▶ **Raw data**:
*** Block opens ***
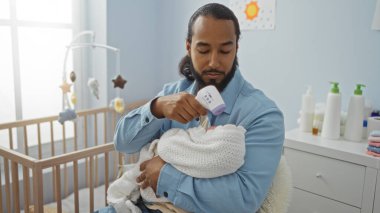 Bebeği yatak odasında sakallı bir adam termometreyle tutuyor. Şefkatli ve ilgili bir ortam yaratıyor. Çocuk-ebeveyn etkileşiminin altını çiziyor..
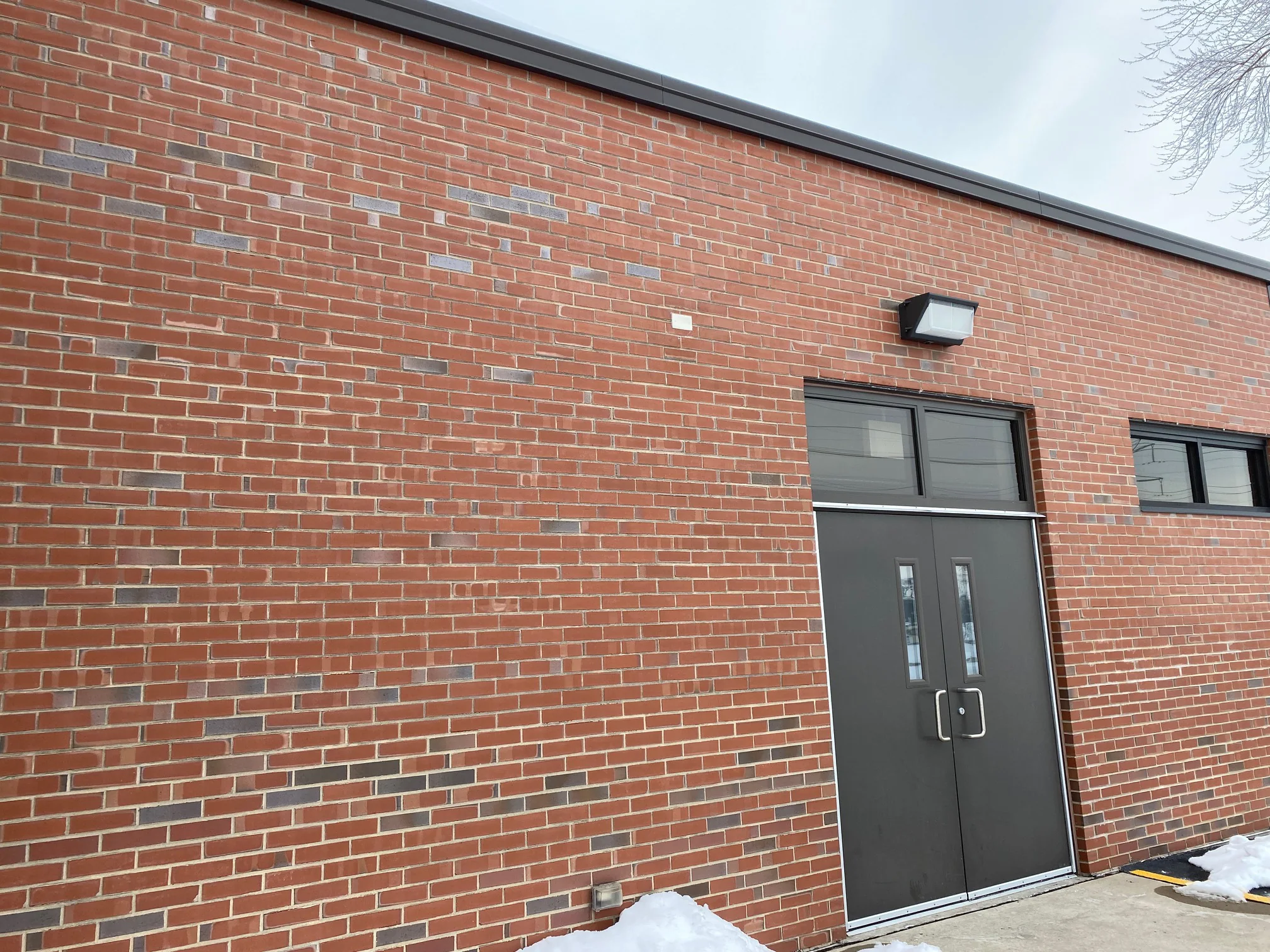 The entrance wall in 2021 seen from along the elevation, a long run of red brick with scattered grey headers carried past the dark double door to a ribbon window, snow and a yellow curb line at the foot of the wall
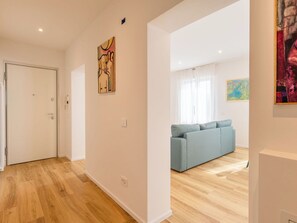 Eine moderne Wohnung mit Holzboden, einem hellblauen Sofa und Bildern an den Wänden.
*** Block closes ***
▶ **Task brief**: Give back the material word for word and drop the pictures it holds.

▶ **Task output**:
 Bebeği yatak odasında sakallı bir adam termometreyle tutuyor. Şefkatli ve ilgili bir ortam yaratıyor. Çocuk-ebeveyn etkileşiminin altını çiziyor..
 The entrance wall in 2021 seen from along the elevation, a long run of red brick with scattered grey headers carried past the dark double door to a ribbon window, snow and a yellow curb line at the foot of the wall
 Eine moderne Wohnung mit Holzboden, einem hellblauen Sofa und Bildern an den Wänden.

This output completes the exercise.